• _Data under study_

____________________

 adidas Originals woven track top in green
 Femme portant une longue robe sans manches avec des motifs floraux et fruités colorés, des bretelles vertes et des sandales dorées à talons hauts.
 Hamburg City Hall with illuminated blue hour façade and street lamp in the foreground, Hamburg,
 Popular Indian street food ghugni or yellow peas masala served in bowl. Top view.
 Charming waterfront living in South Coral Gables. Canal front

____________________

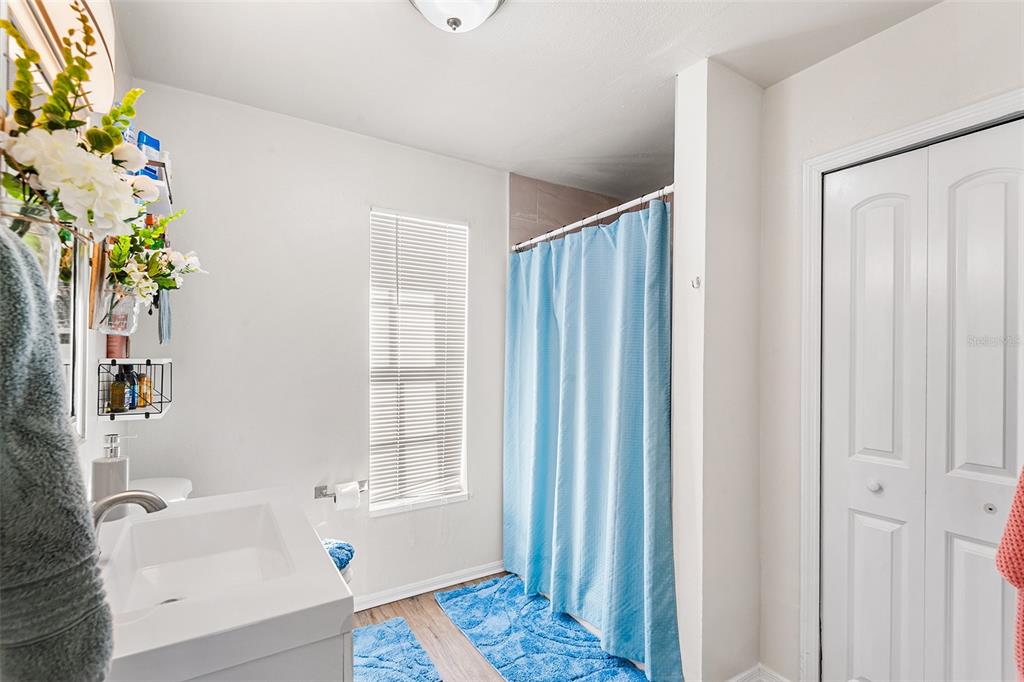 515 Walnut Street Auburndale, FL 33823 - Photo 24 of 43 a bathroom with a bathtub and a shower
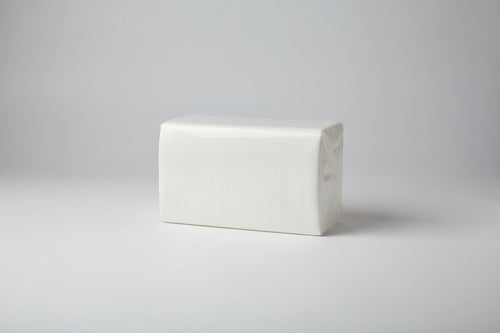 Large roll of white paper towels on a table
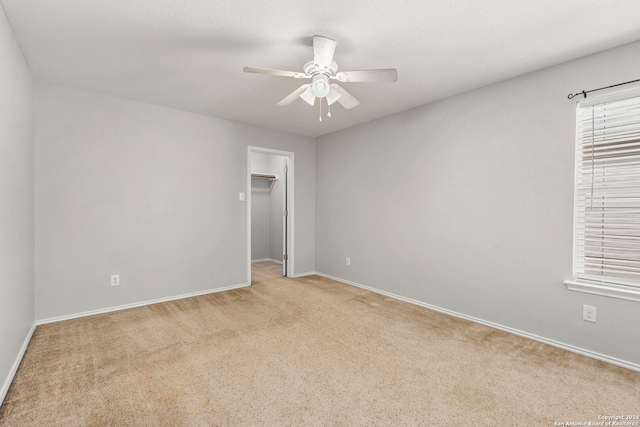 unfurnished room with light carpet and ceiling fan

____________________

• _Try it_
Search the listing above for the lines with "adidas Originals woven track top in green" and "Hamburg City Hall", then output those lines and all lines between them exactly.

• _Your response_
 adidas Originals woven track top in green
 Femme portant une longue robe sans manches avec des motifs floraux et fruités colorés, des bretelles vertes et des sandales dorées à talons hauts.
 Hamburg City Hall with illuminated blue hour façade and street lamp in the foreground, Hamburg,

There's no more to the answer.